Saved data entries:
______

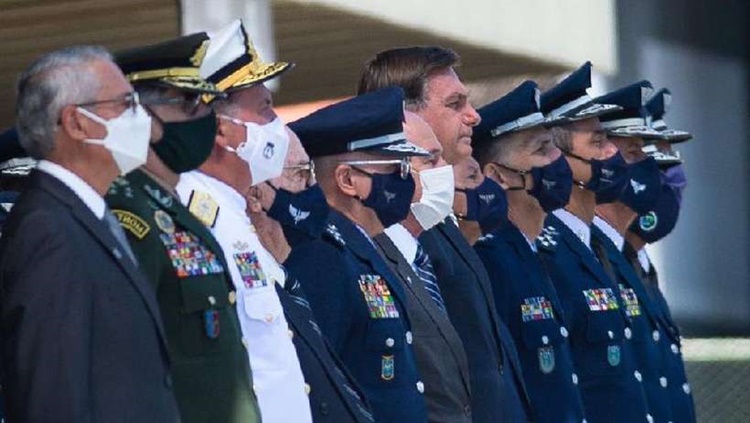 NÃO LARGAM: Militares planejam se manter no poder 'com ou sem Bolsonaro'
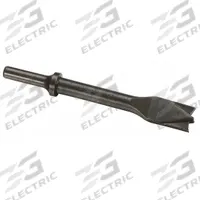 WESTWARD Chisel: 0.401 in Shank Size, Round, Round, 3/4 in Chisel Tip Wd, 6 in Overall Lg (MPN 4MHE1). Key specifications — attr292676: Round; attr292681: No; attr294779: WESTWARD.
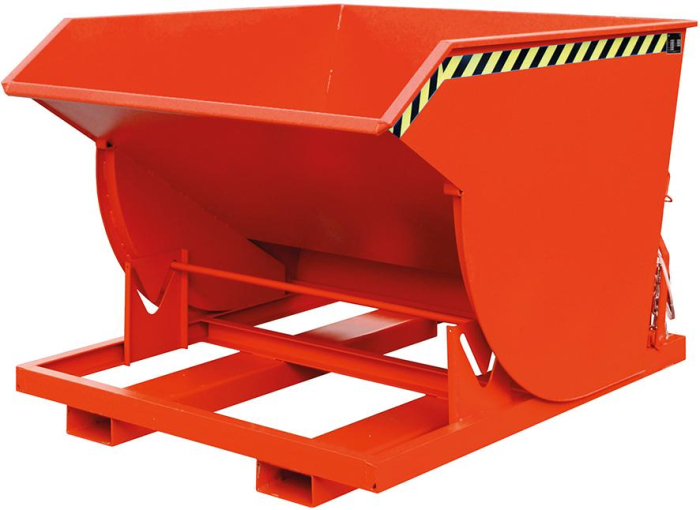 Kippbehälter BKM 1500 l
B1560xT1760xH1270 mm
RAL3000 Tragkraft 3000kg - Detail 1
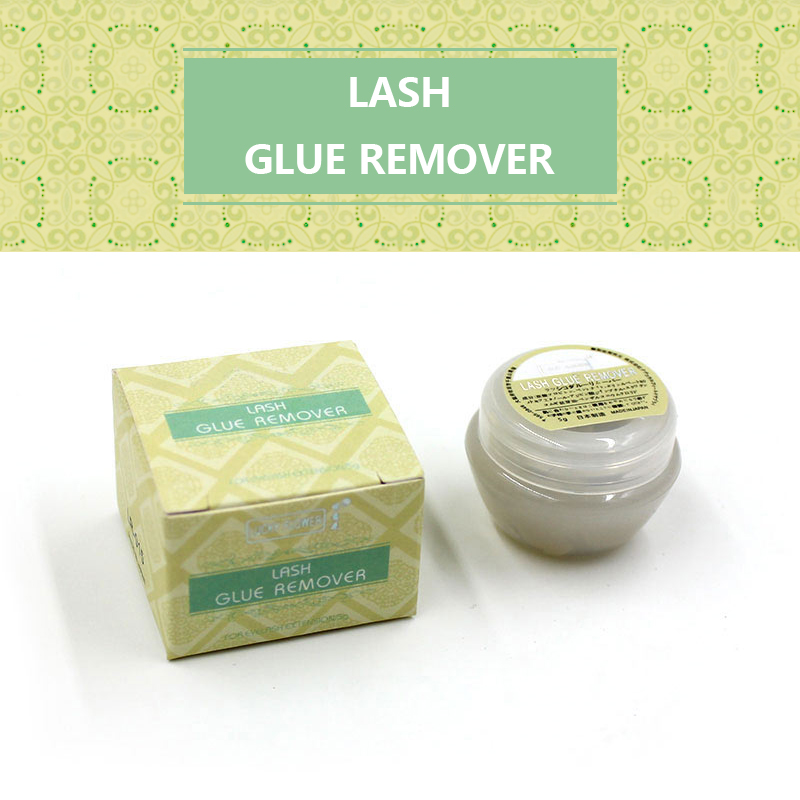 Eyelash Extension Wash - Professional Eyelash Glue Remover for False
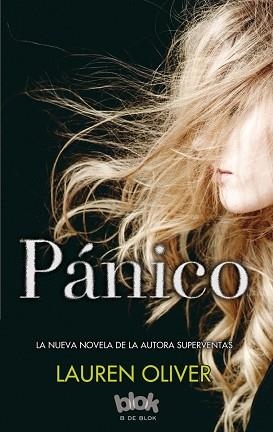 PÁNICO | 9788416075317 | OLIVER, LAUREN | Llibreria Aqualata | Comprar libros en catalán y castellano online | Comprar libros Igualada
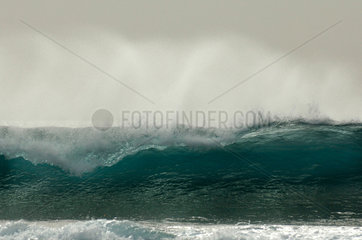 Wellen des Atlantik  Teneriffa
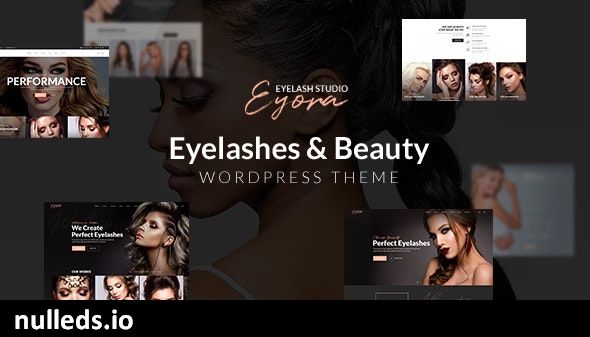 Eyora – Eyelash Extension & Lash Lift WordPress Theme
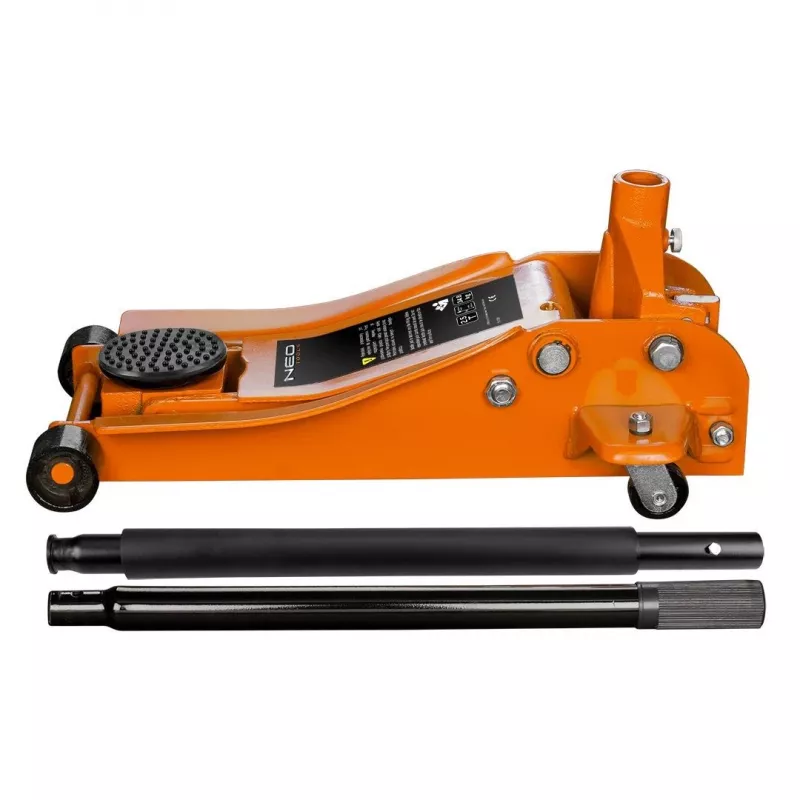 NEO TOOLS 11-731 Madala profiiliga hüdrauliline tungraud 2,5 tonni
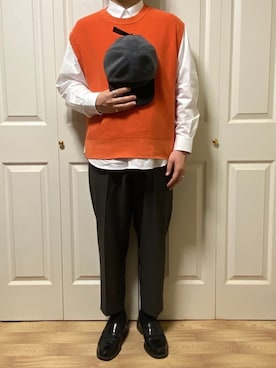 kohさん(メンズ・173cm)の春コーディネート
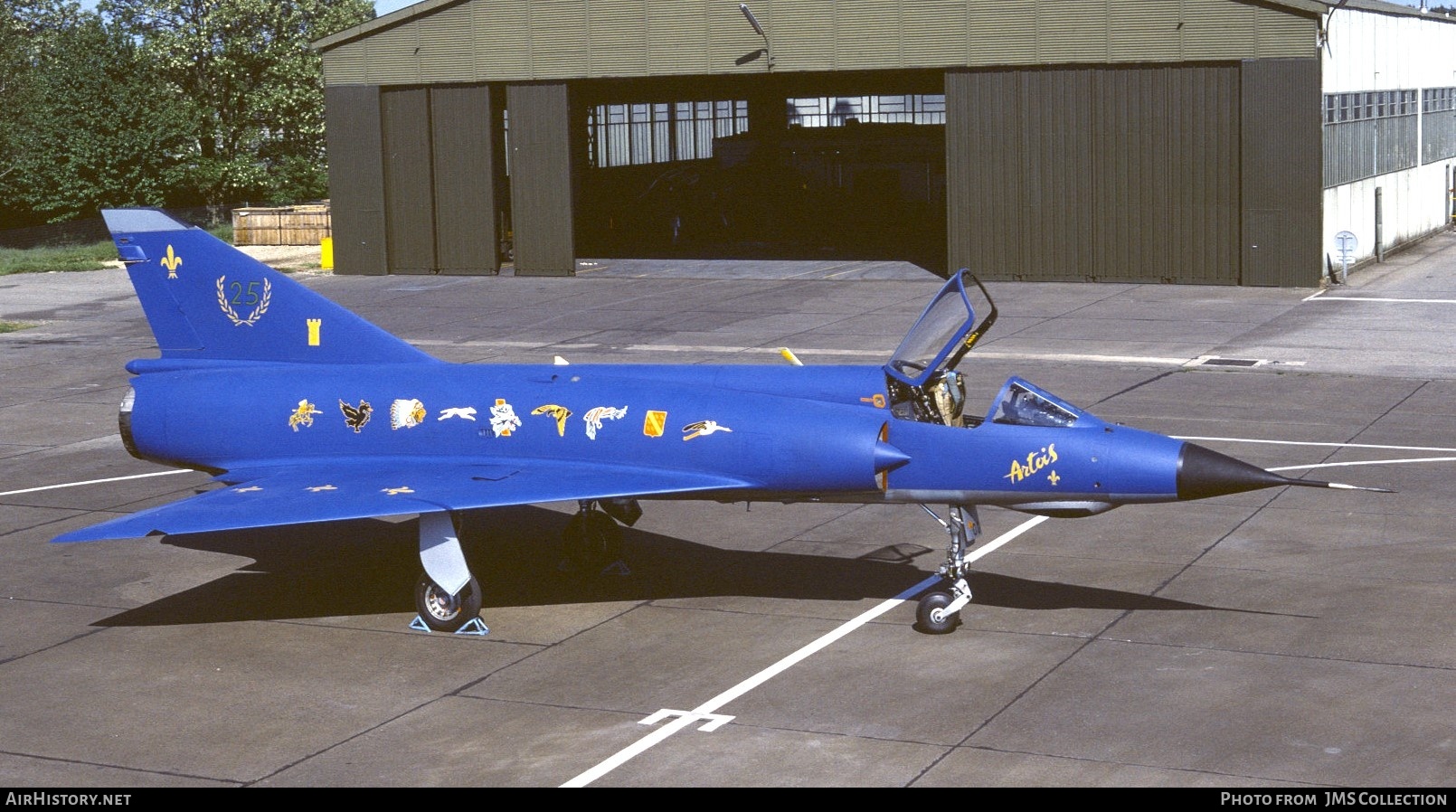 Aircraft Photo of 426 | Dassault Mirage IIIE | France - Air Force | AirHistory.net #787090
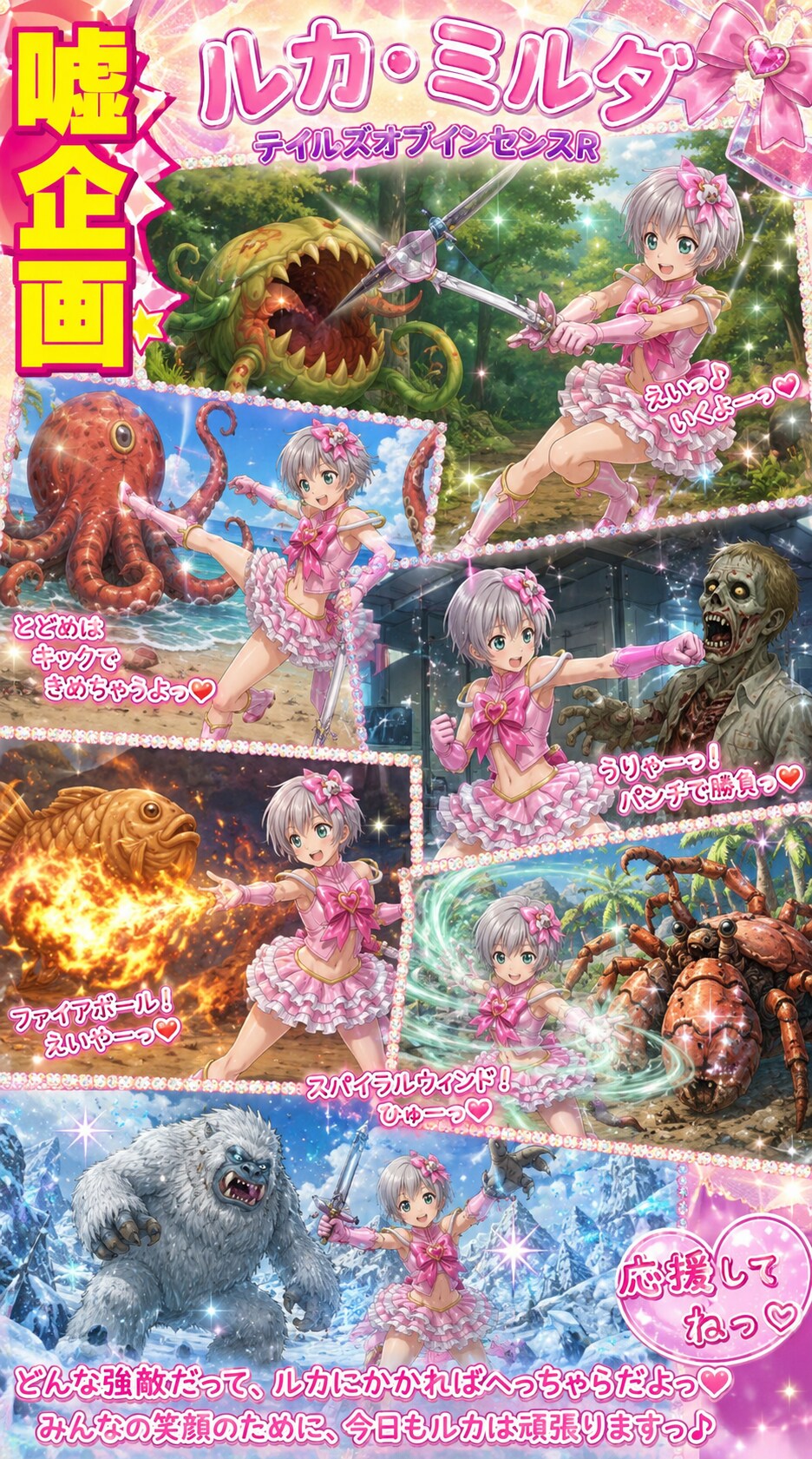 ルカ・ミルダ　テイルズオブインセンスR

______

THE TASK:
Return only the lines from the start of the data through the line that contains "Eyelash Extension Wash", please, copying them exactly and omitting all pictures.

OUTPUT FOR THIS EXERCISE:
 NÃO LARGAM: Militares planejam se manter no poder 'com ou sem Bolsonaro'
 WESTWARD Chisel: 0.401 in Shank Size, Round, Round, 3/4 in Chisel Tip Wd, 6 in Overall Lg (MPN 4MHE1). Key specifications — attr292676: Round; attr292681: No; attr294779: WESTWARD.
 Kippbehälter BKM 1500 l
B1560xT1760xH1270 mm
RAL3000 Tragkraft 3000kg - Detail 1
 Eyelash Extension Wash - Professional Eyelash Glue Remover for False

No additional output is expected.